:: Task instructions ::
Data follows below. Repeat exactly the lines between the line holding "Wall Mount Shatterproof" and the line holding "10 Garlic Chives", inclusive, and nothing more; drop pictures.

:: Data records ::
==============================

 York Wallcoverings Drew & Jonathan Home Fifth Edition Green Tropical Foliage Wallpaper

==============================

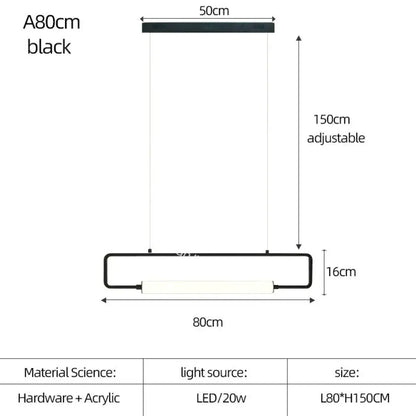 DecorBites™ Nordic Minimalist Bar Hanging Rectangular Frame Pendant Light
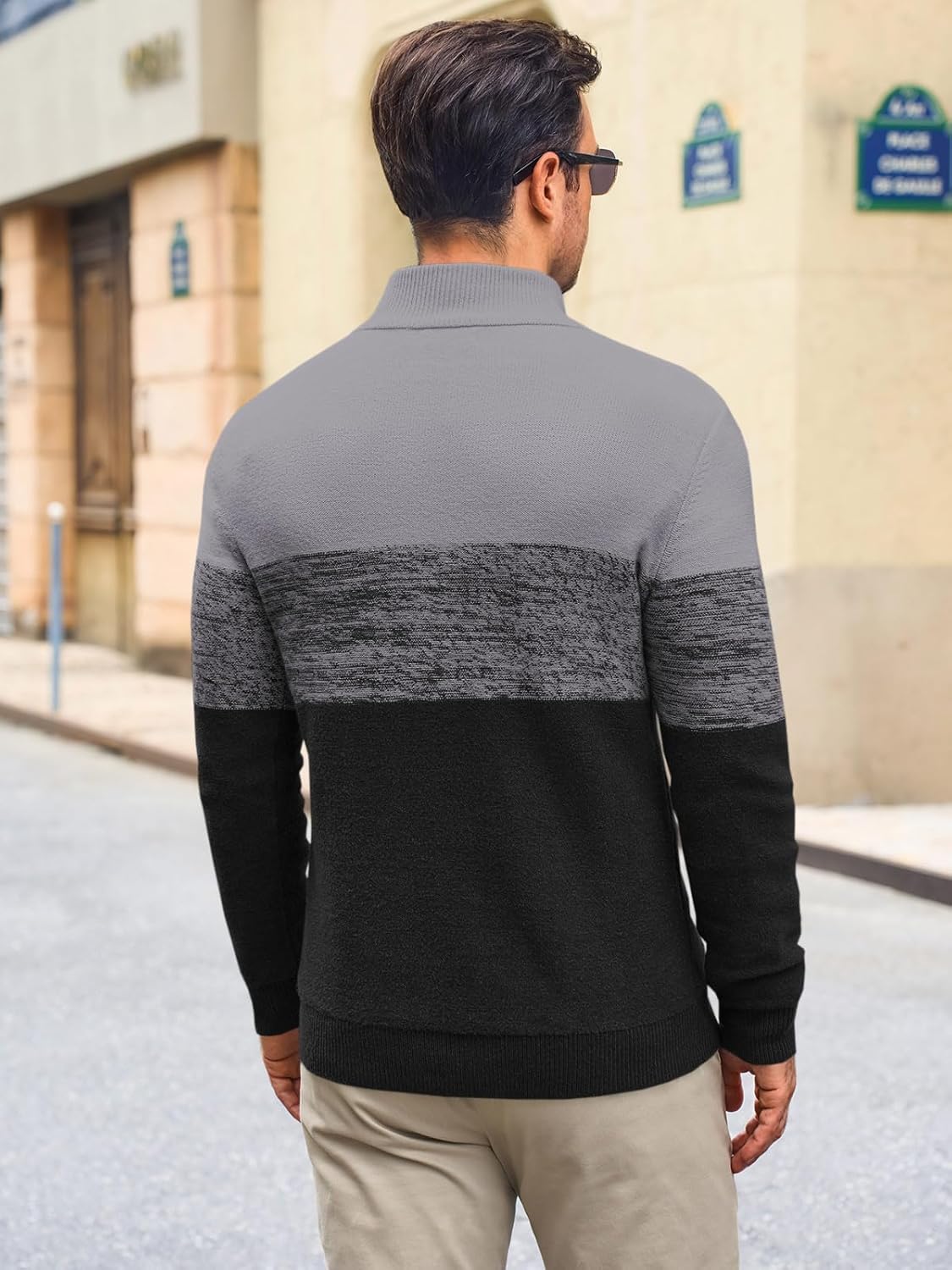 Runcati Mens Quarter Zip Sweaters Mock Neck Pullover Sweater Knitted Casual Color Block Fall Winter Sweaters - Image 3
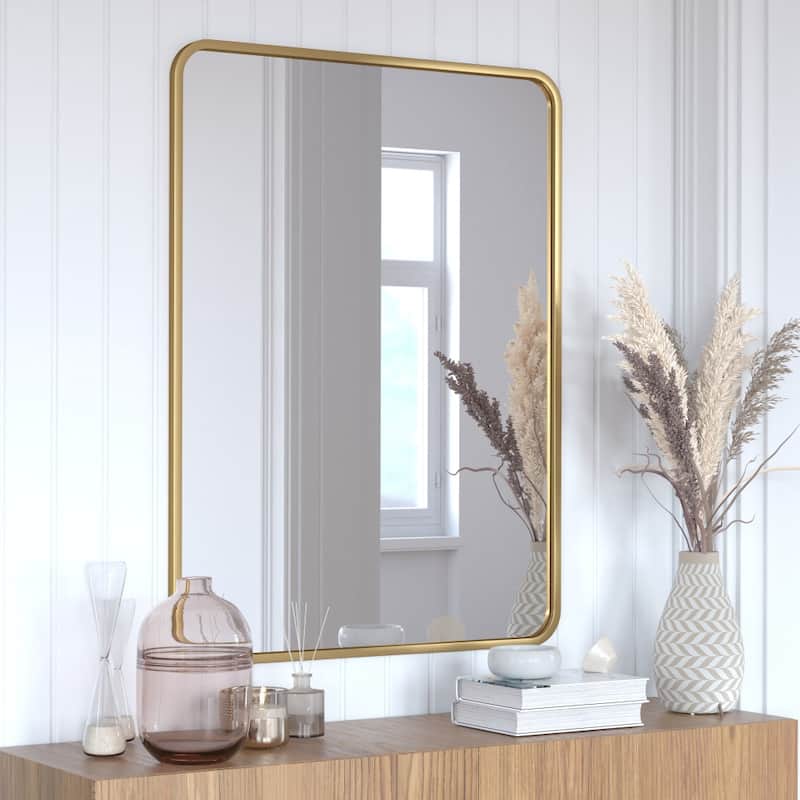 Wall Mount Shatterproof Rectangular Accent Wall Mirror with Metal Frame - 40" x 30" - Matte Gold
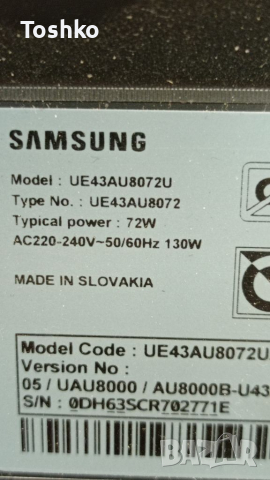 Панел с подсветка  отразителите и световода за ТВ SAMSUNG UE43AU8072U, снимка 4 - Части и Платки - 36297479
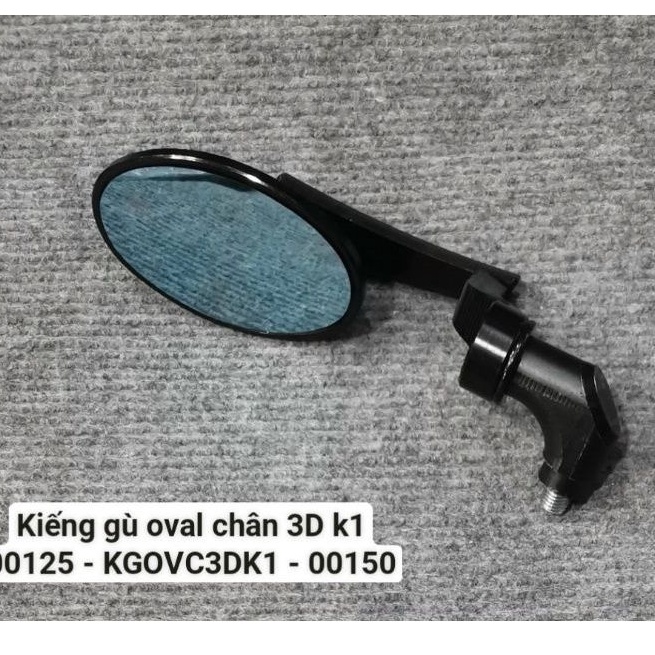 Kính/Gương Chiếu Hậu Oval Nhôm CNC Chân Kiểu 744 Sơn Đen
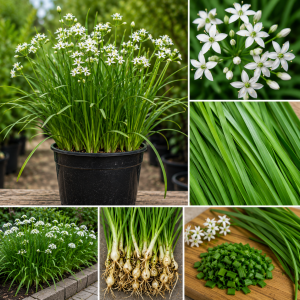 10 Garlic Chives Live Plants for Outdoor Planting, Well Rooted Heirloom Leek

==============================

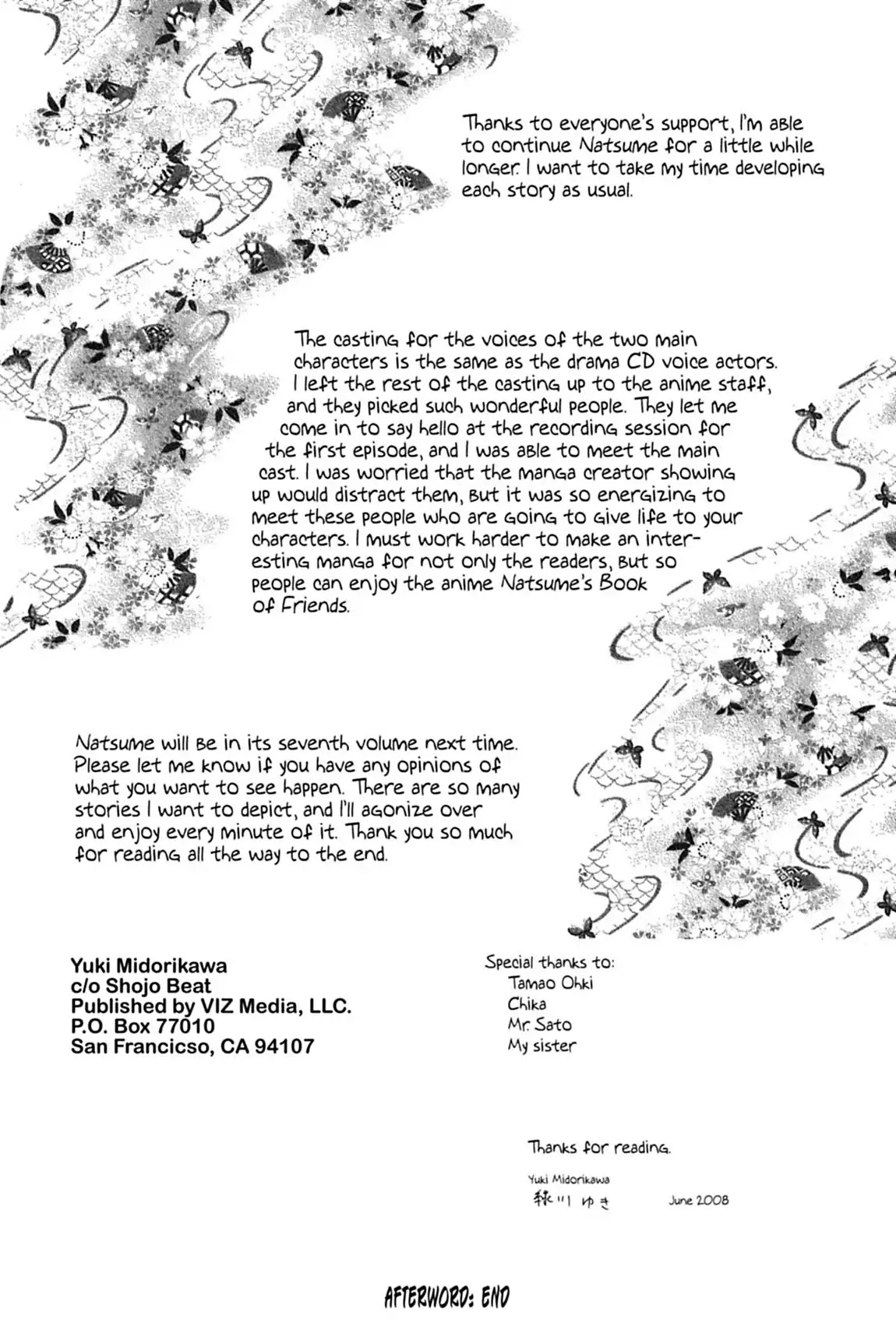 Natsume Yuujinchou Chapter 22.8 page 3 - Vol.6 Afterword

==============================

:: Output of the task ::
 Wall Mount Shatterproof Rectangular Accent Wall Mirror with Metal Frame - 40" x 30" - Matte Gold
 Панел с подсветка  отразителите и световода за ТВ SAMSUNG UE43AU8072U, снимка 4 - Части и Платки - 36297479
 Kính/Gương Chiếu Hậu Oval Nhôm CNC Chân Kiểu 744 Sơn Đen
 10 Garlic Chives Live Plants for Outdoor Planting, Well Rooted Heirloom Leek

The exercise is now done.